DEPA, the Public Gas Corporation, sold, for the first time, the entire amount of natural gas offered at its annual auction on October 30, during which 184 million cubic meters were bought for delivery in 2016. At its prevous auction, DEPA had sold 73 percent of the natural gas amount offered.
According to ICIS, an international natural gas market news source, 50,000 units priced at 612 euros each, or 19.86 euros per MWh, were offered at the DEPA auction, compared to natural gas TTF future prices of 17.95 euros on the day.
A DEPA official informed that 23 enterprises, including 15 industrial units, participated in the auction for a total of 20 orders.
Current negotiations between RAE, Greece’s Regulatory Authority for Energy, and competition authorities promise to increase the amount of natural gas to be offered to the market through auctions.
DEPA sold 60 percent of its 2016 order at last month’s annual auction and plans to offer the remainder at future three-month auctions.
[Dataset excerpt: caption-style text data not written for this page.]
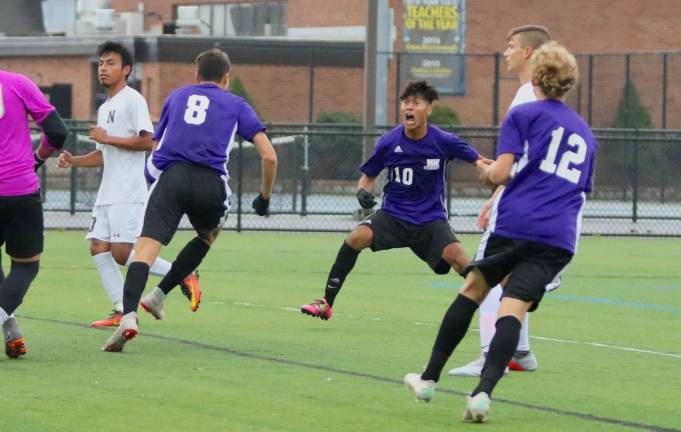 Photos by William Dimmit Christ Valle (#10) reacts to (#8) Joseph Olivette&#x2019;s goal off a set play early in the game.
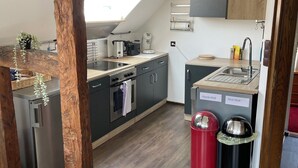 A compact kitchen with modern appliances, wooden beams, and a skylight. - Feel good and relax in an old farmhouse (Wiehl)
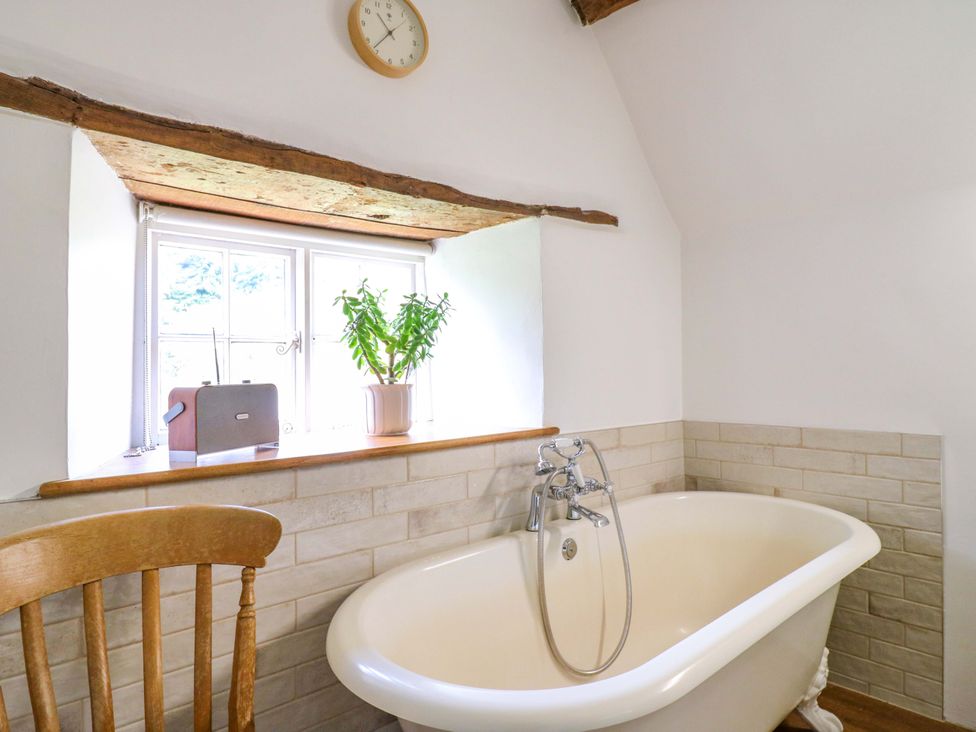 A bathroom with a bathtub and window at Manor Farm Cottages Loughton, Milton Keynes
Last year, DEPA had equally split its natural gas amount offered through annual and three-month auctions.
As a result of the Greek gas market’s liberalization, consumers supplied by one of the country’s three regional gas suppliers (EPA) operating in the wider Athens area, Thessaloniki, and Thessalia, in the mid-northeast, are now able choose supplier and also take part in the auctions.
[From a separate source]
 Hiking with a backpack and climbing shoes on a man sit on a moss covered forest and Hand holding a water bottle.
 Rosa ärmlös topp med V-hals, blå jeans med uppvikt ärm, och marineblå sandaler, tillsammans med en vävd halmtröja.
Last August, industrial consumers with annual consumption levels in excess of 2.2 GWh gained the right to take part in the auctions, previously restricted to industrial units consuming 100 GWh or more, a development that served as a key factor in the increased demand at the October auction.
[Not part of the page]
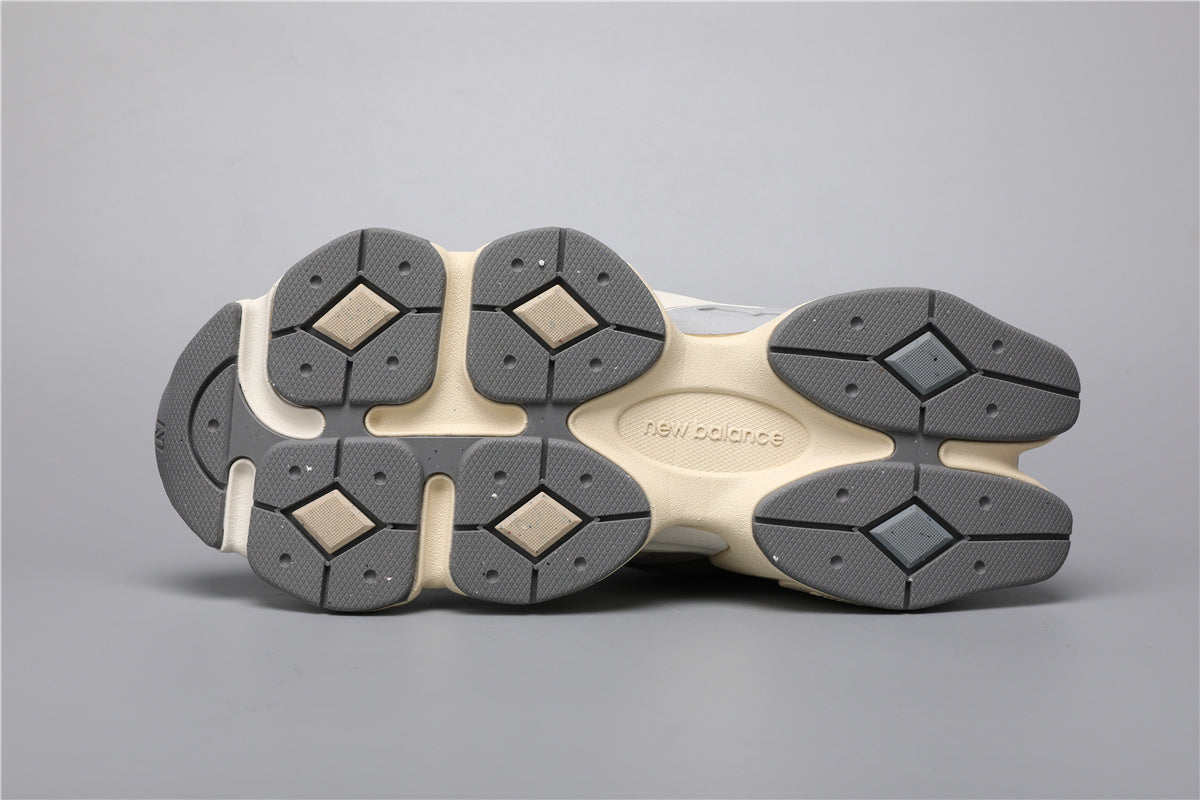 Bróga spóirt unisex New Balance 9060 Donn Gorm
The revision also drove the EPA companies to take part seeking greater quantities than in the past, Pantelis Borovas, a top-ranked competition committee official, noted. The limit on orders that may be placed by participants at the DEPA auctions has been reduced to 15 percent of the total quantity on offer, down from 25 percent, to prevent major suppliers from securing greater natural gas amounts as a means of depriving new participants from securing sizeable amounts, Borovas explained.
According to the ICIS report, the emergence of a greater number of players in Greece’s natural gas market may create a secondary market and further intensify competition.